**Instructions for the task**
Each entry that follows is to be retyped exactly. Pictures do not belong in the copy.

** Supplied data follows **

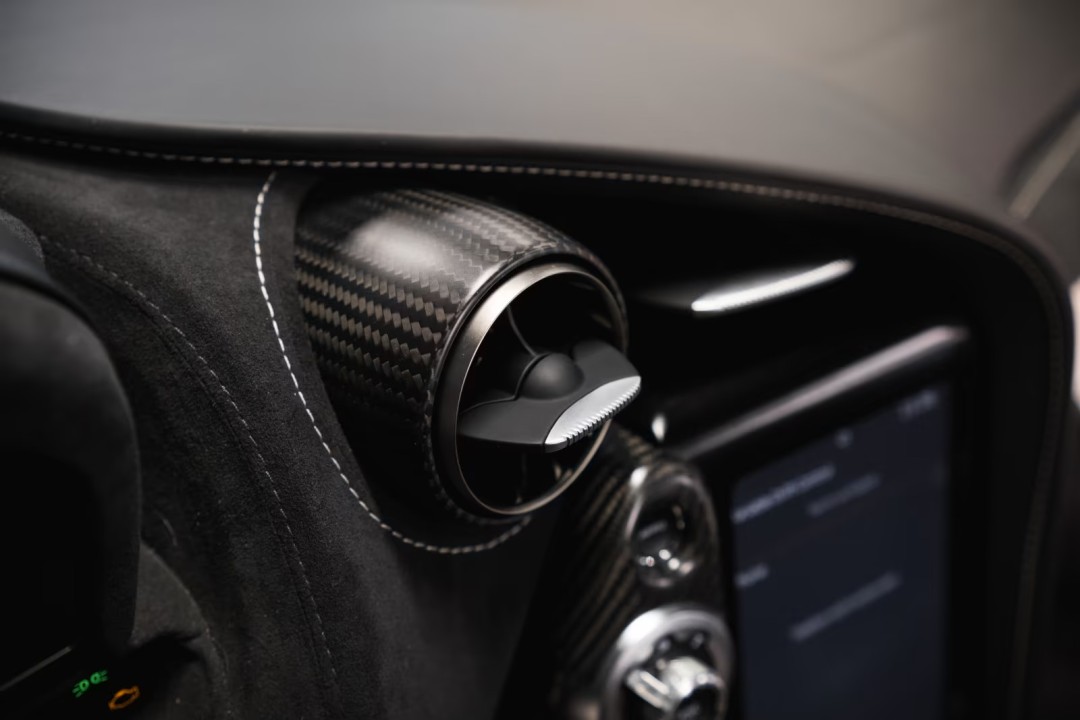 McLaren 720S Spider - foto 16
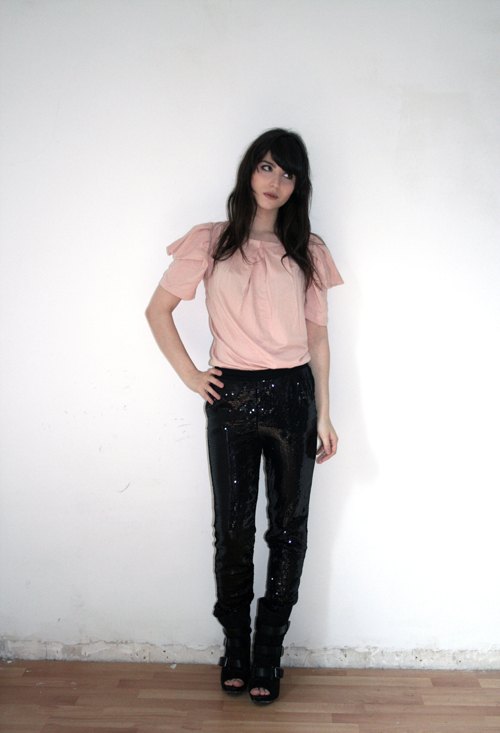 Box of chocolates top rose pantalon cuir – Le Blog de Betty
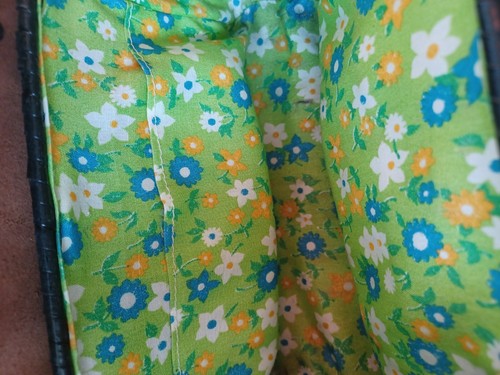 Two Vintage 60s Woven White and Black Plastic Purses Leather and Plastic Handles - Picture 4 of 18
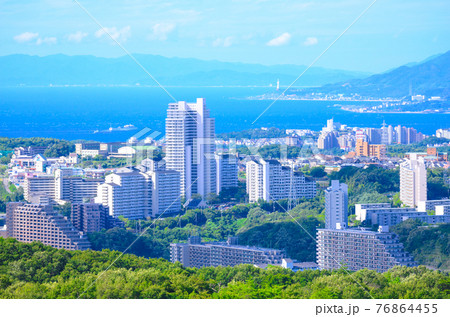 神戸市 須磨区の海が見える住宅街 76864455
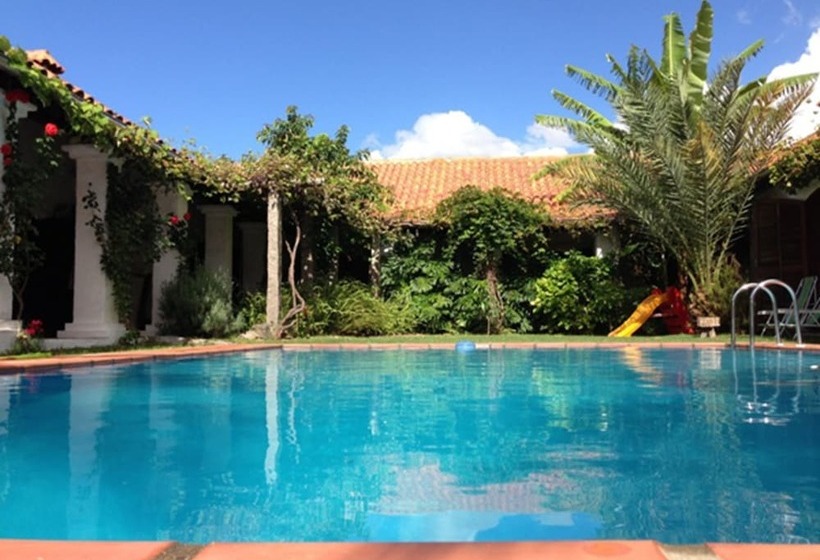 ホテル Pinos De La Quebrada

** End of Supplied data **

**The answer**
 McLaren 720S Spider - foto 16
 Box of chocolates top rose pantalon cuir – Le Blog de Betty
 Two Vintage 60s Woven White and Black Plastic Purses Leather and Plastic Handles - Picture 4 of 18
 神戸市 須磨区の海が見える住宅街 76864455
 ホテル Pinos De La Quebrada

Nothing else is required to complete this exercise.